WHAT YOU HAVE TO DO: Copy, word for word, the lines of the listing below from the line with "Sage Floral Shower Curtain Set" up to and including the line with "PETEK AKSESUAR Ethnic". Drop the pictures.

SOURCE MATERIAL:

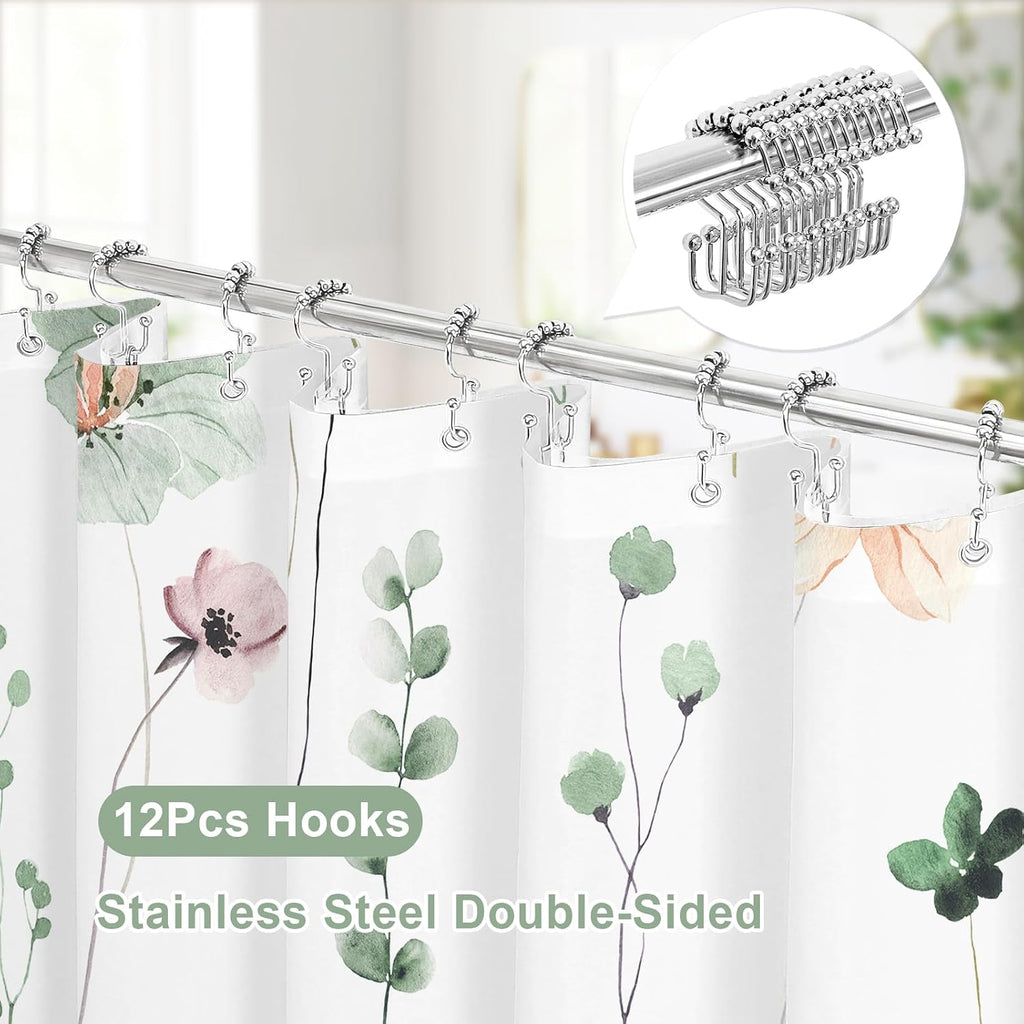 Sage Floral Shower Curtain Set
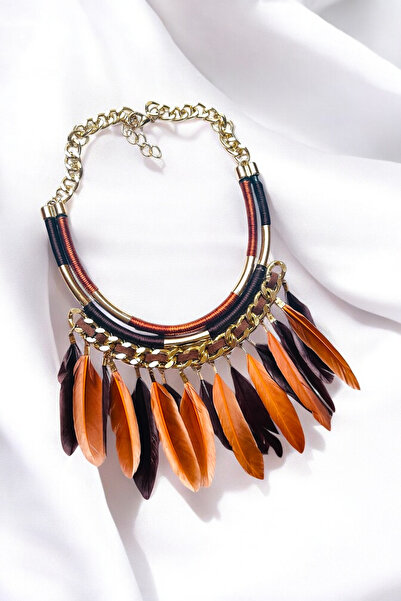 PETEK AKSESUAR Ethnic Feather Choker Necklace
---
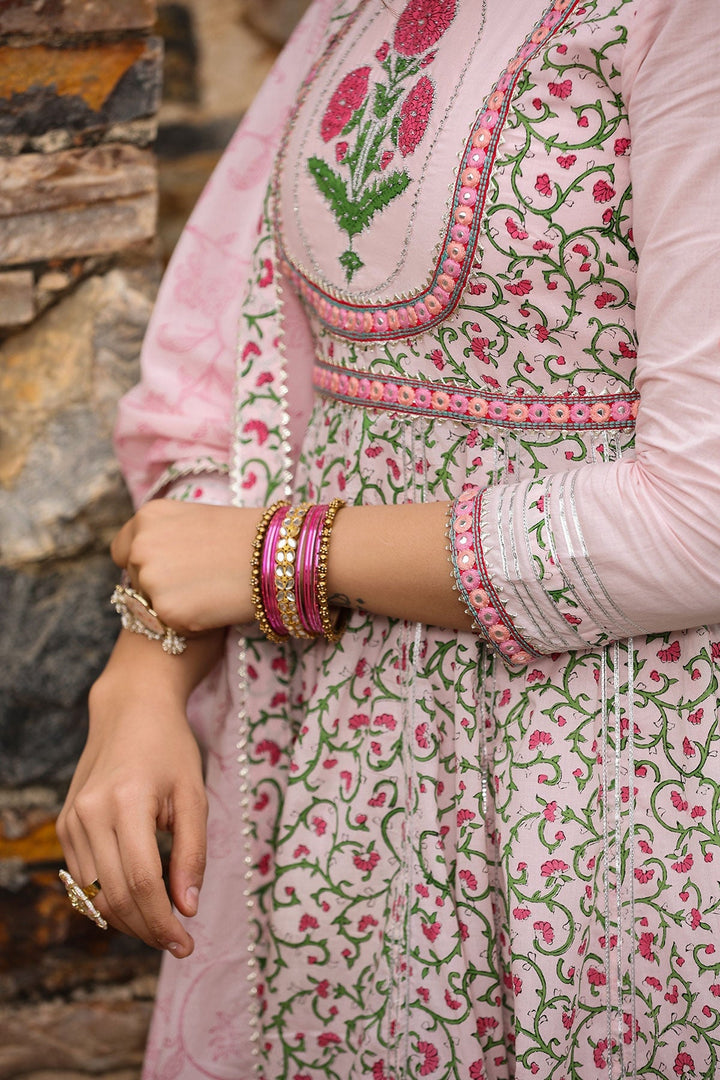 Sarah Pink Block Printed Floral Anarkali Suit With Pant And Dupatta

TASK RESPONSE:
 Sage Floral Shower Curtain Set
 PETEK AKSESUAR Ethnic Feather Choker Necklace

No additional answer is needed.